I have this schoolmate, in group 02. I'm in 03. His name is William Ten, and his girlfriend was in the same class with him, her name is Joey Khoo. I always saw them together, happy smiling and all everytime in school. At times when we quarreled, I envied them. Sometimes I even held them as my role model for love.
Yet...it wasn't till 2 weeks back when I saw for the first time his girlfriend leaving school without him. I got curious and asked william. I was shocked ya know? He told me they weren't as loving as I thought they were. They quarreled almost every week too, for almost the same reasons between you and me, and it just so happens they were ok everytime I saw them.
I didn't say it...but I was reminded of us. How our actions outside would really put people behind bars of envy.
William told me too he was really tired, and for some reason...I could really relate to what he was feeling. He told me he really felt like putting things down...although he still loved Joey, he was just so exhausted. William is a nice guy, I could vouch for that. Knowing him for a year and half, he never flirted with any girls, he never gawked at any outside...he was good to Joey.
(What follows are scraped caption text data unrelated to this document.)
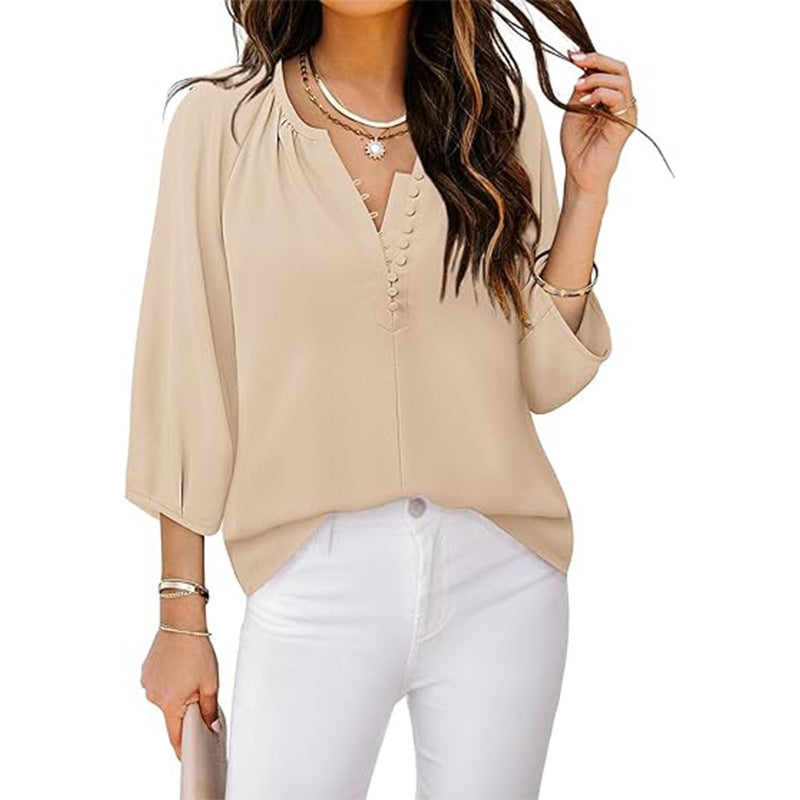 Blusa informal de gasa de color liso con cuello en V y manga larga para mujer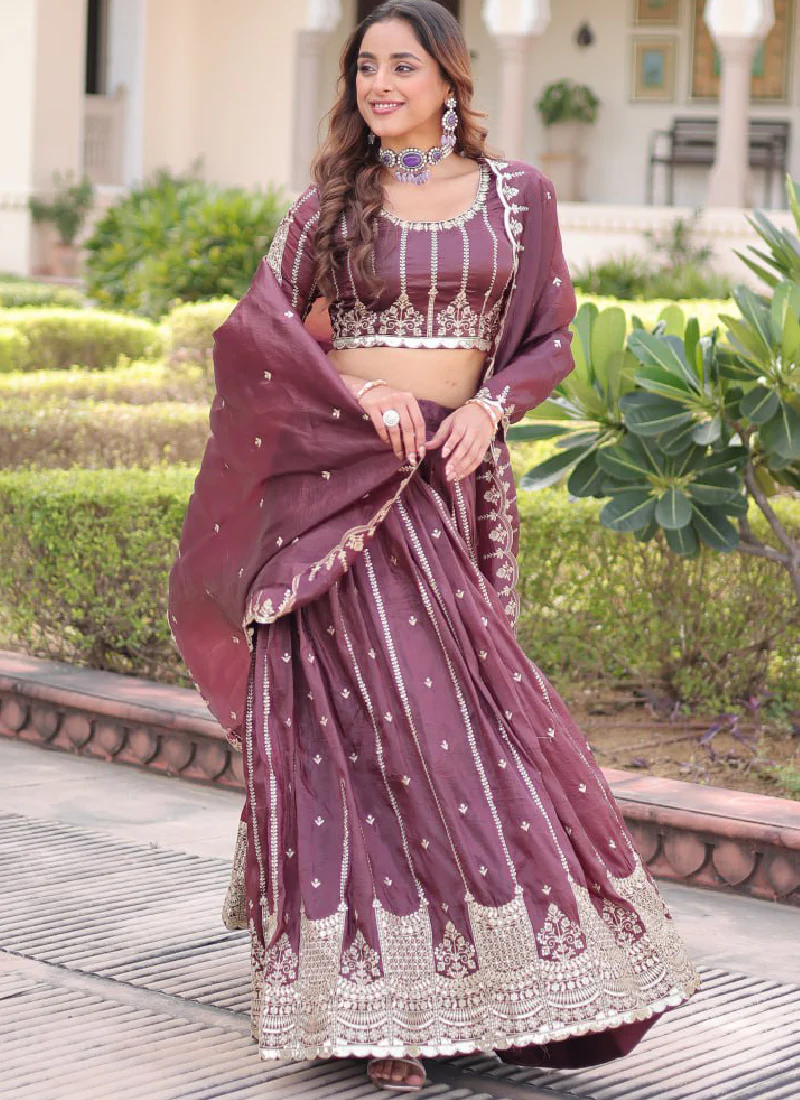 Sequence Embroidery Work Gold Crush Wine Lehenga Choli For Women - Image 5
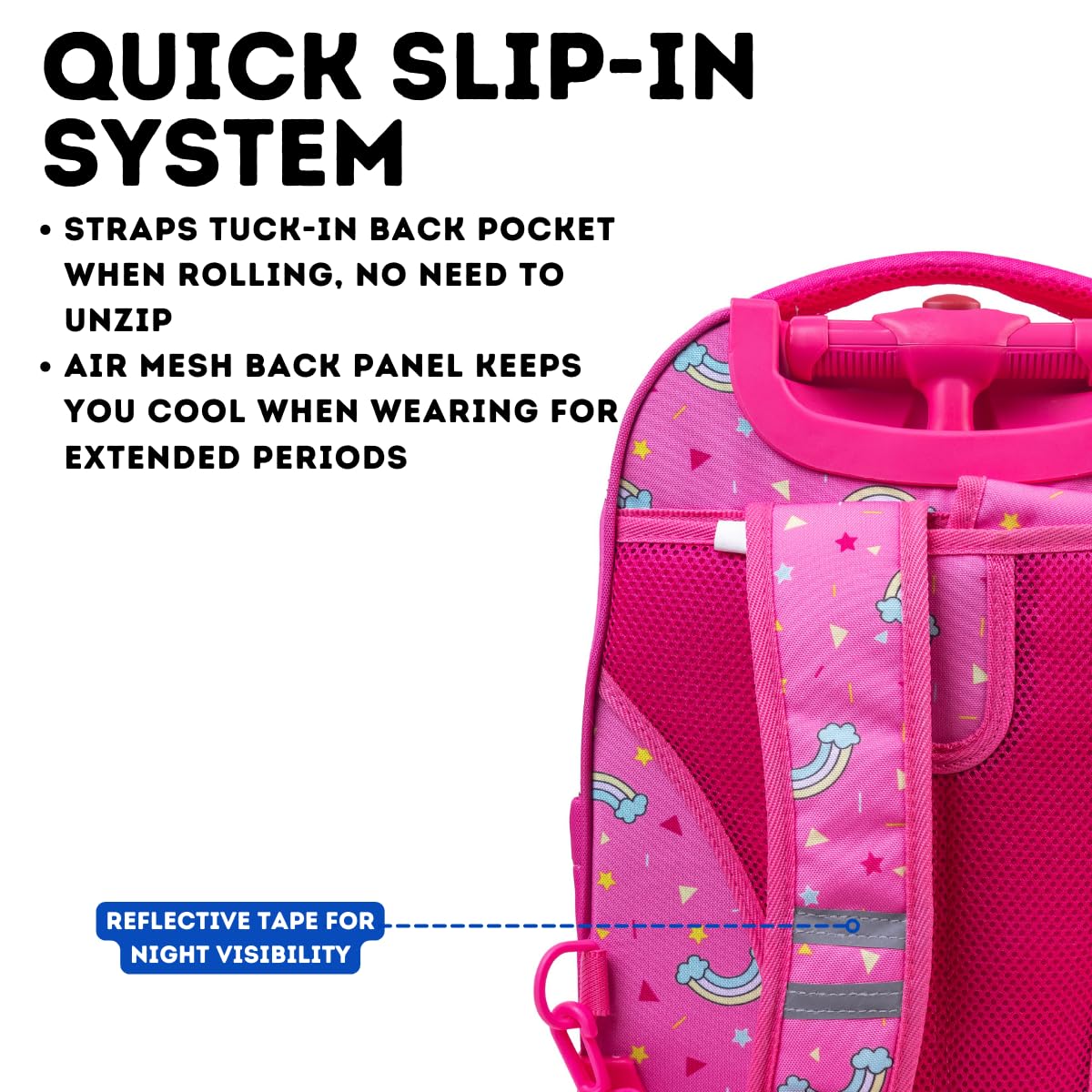 J World New York Sparkle Rolling Backpack - Image 6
However, just like us...just like me...even though we still love our partners, we were too exhausted to carry on.
Ya know...what eventually brought us here today...we were both at fault. For you, sometimes...you pushed too hard. I would compromise but you kept pushing and pushing till things ended awry. For me, I didn't had enough for you, that I don't deny....and also I over-complicate things too. That something minor would appear serious to me. All of these came together slowly and eventually left us here. Tired and beaten.
Here...I just have to admit defeat. I really...don't know how to handle you lingg...I'm sorry...
I don't wanna start another conflict here...but just saying these with a rational mind. I never stirred up any trouble, or maybe I did. Yet...have you thought that the part of me stirring trouble would never have occured...if we never got into a quarrel? The beginning of a quarrel was what eventually brought me there. I was so sad everytime something like that happened...
Ya know...your accusation that I don't love you was as good as the last time where I said you treated me as a punching bag.
If you ever want to remove that ring....there is nothing I can do about it. That never crossed my mind, despite us at our current situation today. I still wanted others to know that I'm still attached. Even if not physically...emotionally I was. My heart is still attached to you.
I know how painful this has been for you...so if you wanna remove everything, make things easier for yourself, I'd understand. For me I won't, I will put things where they are. My facebook pic, my msn pic, even that calendar. To tell myself, to tell others that I once had you. How much I still love you even when things have ended here...
I wanna keep these memories. My exhaustion physically and mentally finally forbade me to create more memories, but I'll never forsake those I already have of us, of you...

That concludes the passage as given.